Myths about private equity can inhibit entrepreneurs from pursuing business opportunities and making rational decisions.  Private equity financing is a complex decision for business owners.  These owners should analyze other financing options and goals for future growth of the company before making important investment decisions.

3 Myths about Private Equity Investors

Here are three myths about private equity investors

Private equity is not intended to be a win for the investor and a loss for the business owner. The investor’s best interest is that the entrepreneur grows the business and increases its value so that BOTH sides win.  Private equity investors are not profitable if the value of the company depreciates.

Many business owners perceive private equity investors as greedy and manipulative in cutting them out of the success of their companies.  However, most of the time these perceptions arise when entrepreneurs:

• Lose control
• Blame private equity investors for the demise of their companies

As long as you leave at least half of the company in your ownership, as an entrepreneur, you will have control over your company to make important strategic decisions. Most private equity investors don’t want to run your company or take advantage of you. Instead, they just want to contribute to your business’s success.

2.  Private equity investors do not add value beyond their monetary investments.

While many people view private equity investors solely as sources of capital, this misconception is untrue. Most investors have expertise and experience in the various industries. Many experience come from past investments in successful companies and others from being entrepreneurs and chief officers themselves.  They have the know-how to advise businesses from an impartial outlook and to add value by bringing in fresh ideas and perspectives.

Investors also have a network of connections to help companies advance and develop strategic partnerships. An investor with a good understanding of the company that he or she invests in will do more than just invest money into a business. They will help grow the company’s value in a rational and sustainable approach.

3.  Once a private equity investor is ready to exit his or her investment, the business owner has to sell the company or take it public.
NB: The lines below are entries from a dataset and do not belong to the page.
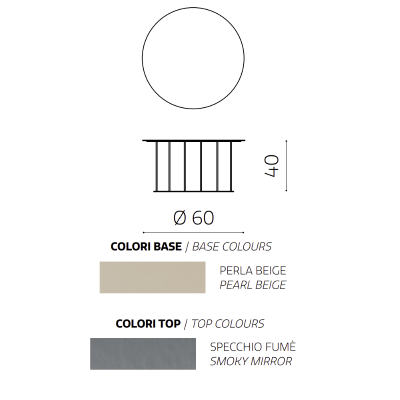 Runder Couchtisch, D60 cm, mit beigem Metallgestell und MUTE Fumè-Glasplatte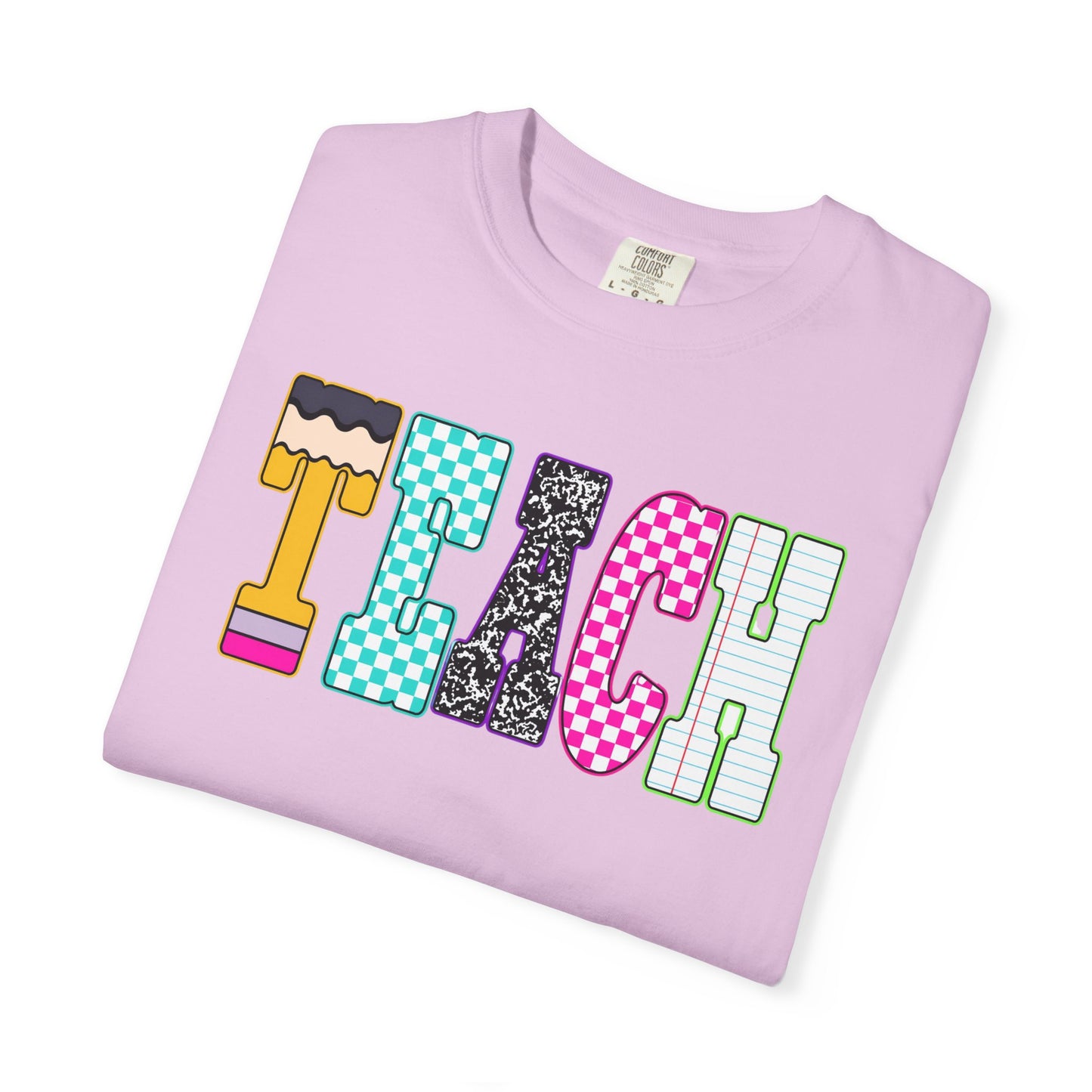 Teach Colorblock Graphic T-Shirt — Fun Teacher Appreciation Tee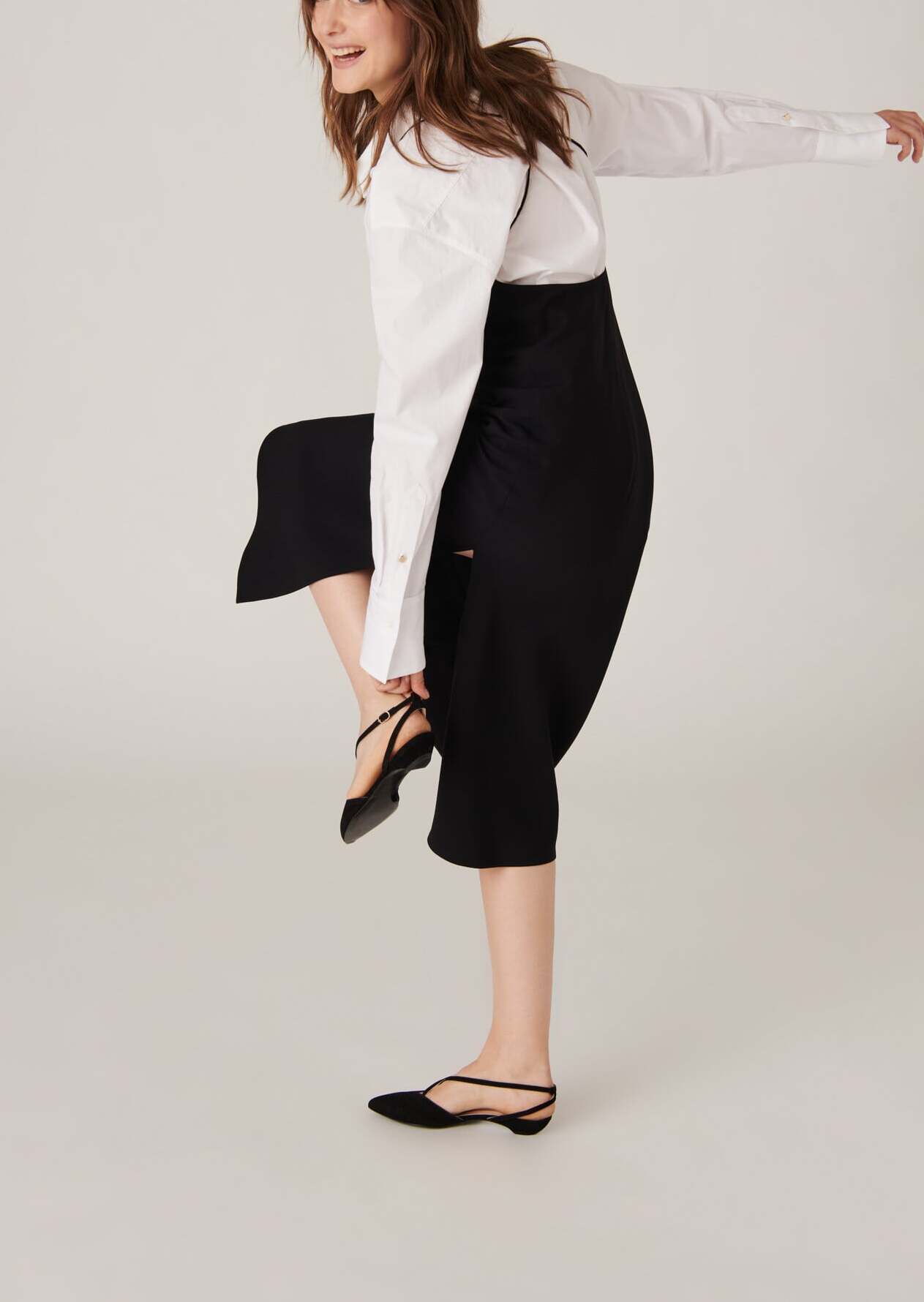 Slip dress Reany noire en crêpe envers satin Faume - seconde main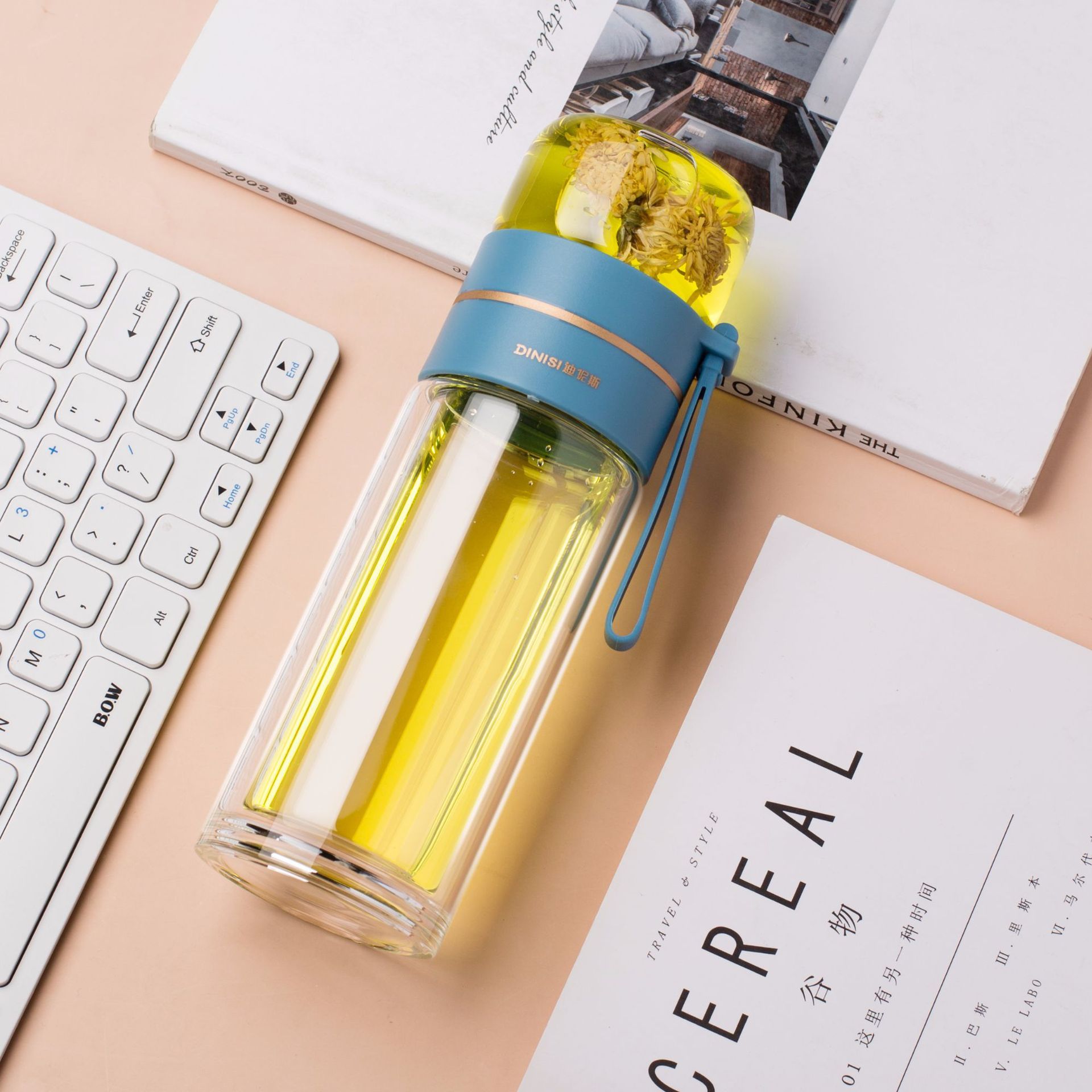 Glass Water Bottle With Tea Infuser Filter Tea Separation Double Wall Glass Bottle Leakproof Water Bottle nyaabs.com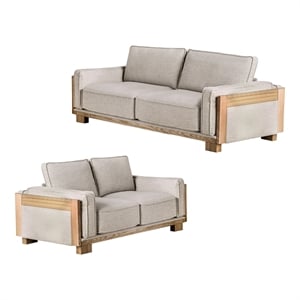 Furniture of America Hart Fabric Upholstered 2-Piece Sofa Set in Light Brown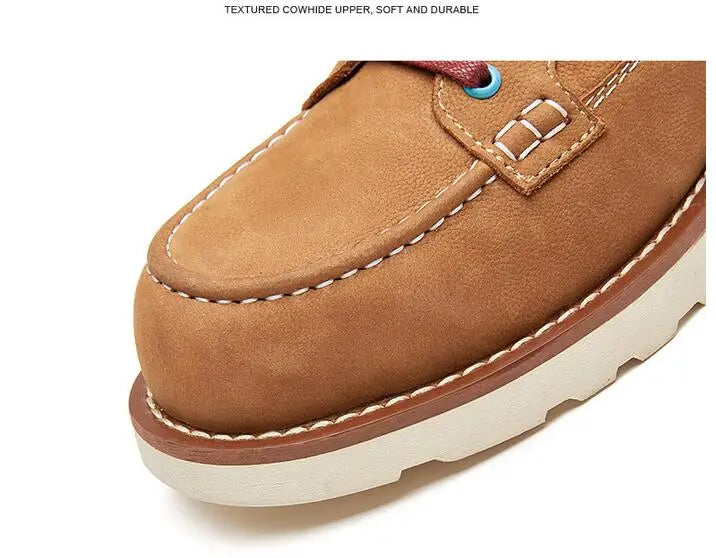 A066 Size 39-44 New Casual Men Fashion Reto Tooling Boots Lace Up Leisure Vintage Shoes Crazy Brown Man Footwear 2025 Man Shoes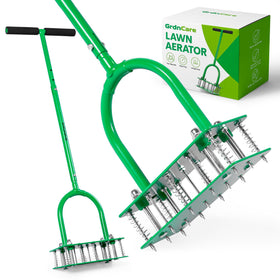 GrdnCare aerator with 15 iron spikes penetrating soil for deeper root access.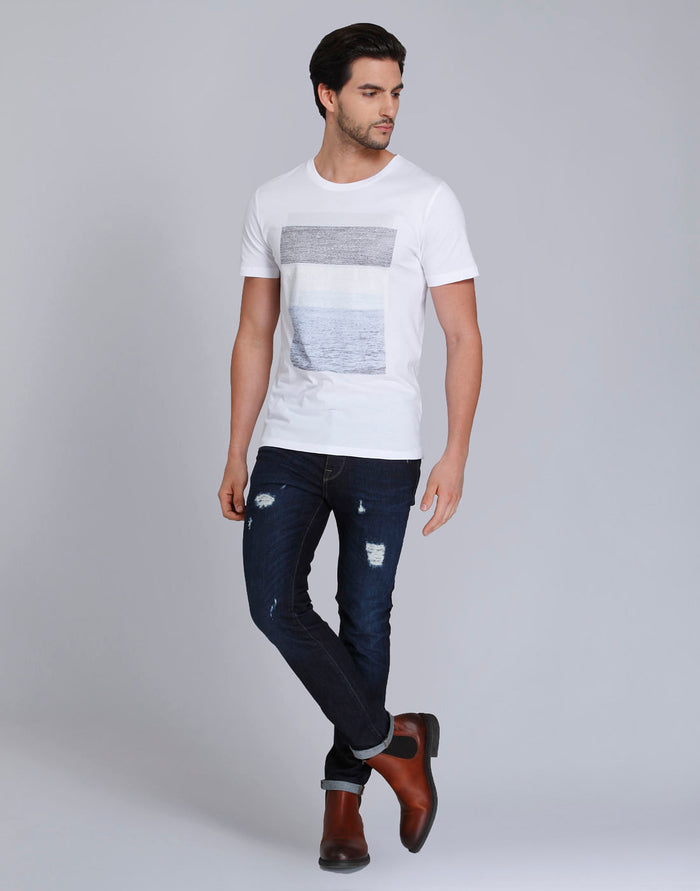White Printed Crew Neck T-Shirt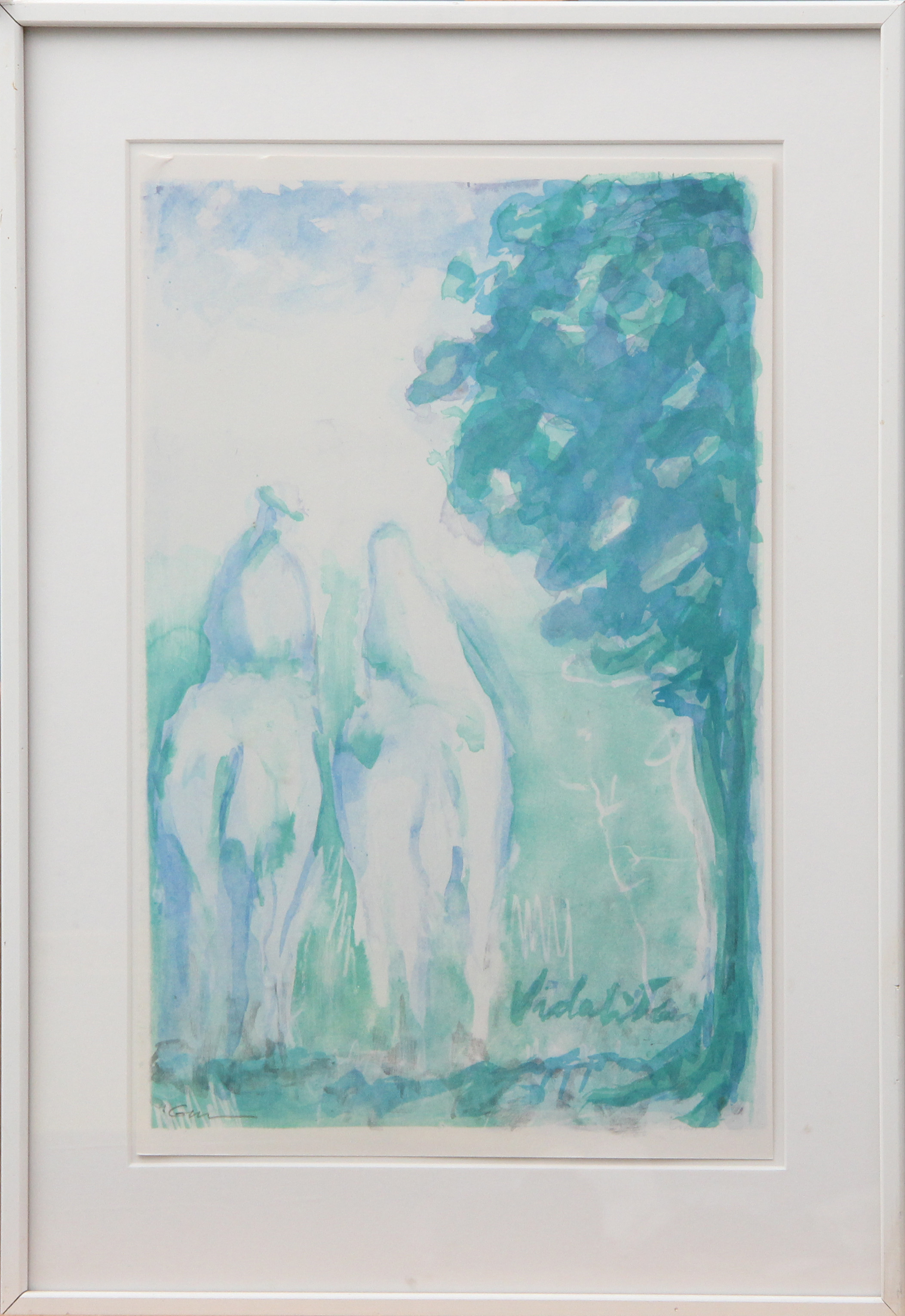 GÖSTA WERNER. LITO "Vidalite" a tergo dikt, signerad.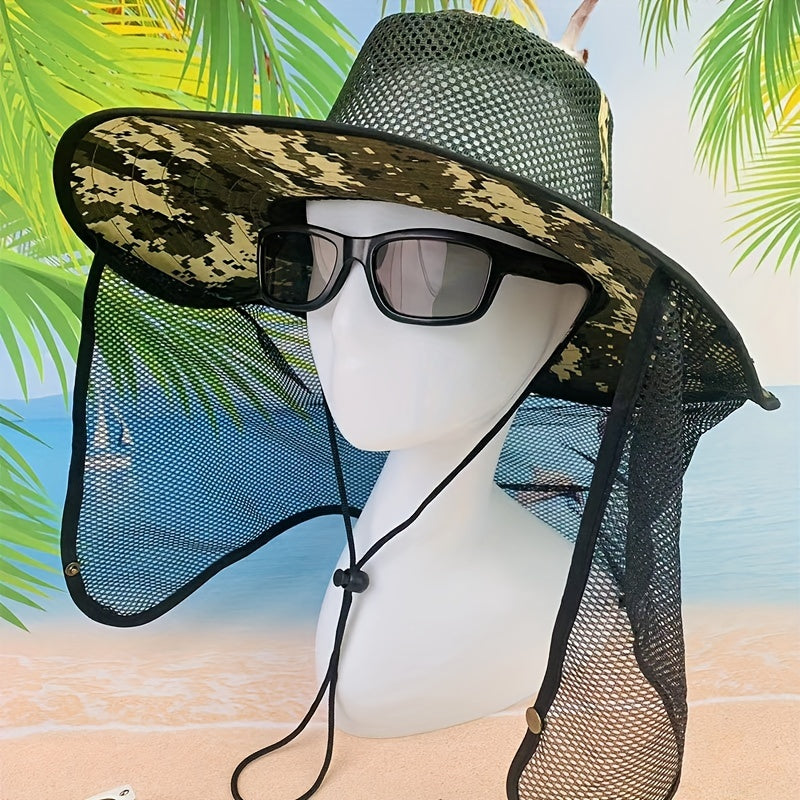 Big Brim Half Net Sun Hat UV Protection Breathable Quick Drying Hat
Business owners are not forced to sell their companies or take them public once a private equity investor decides to exit.  Private equity firms usually invest in companies with a goal of exiting within five to eight years. The private equity firm’s partners expect liquidity at a certain point in time. As a result, the firm cannot hold on to all investments forever. At this point, the business owner has several choices, including raising capital from a new private equity investor or a new partner

Avoiding these common misconceptions will allow you to focus on the positive benefits. Therefore, you can make better decisions about private equity investments.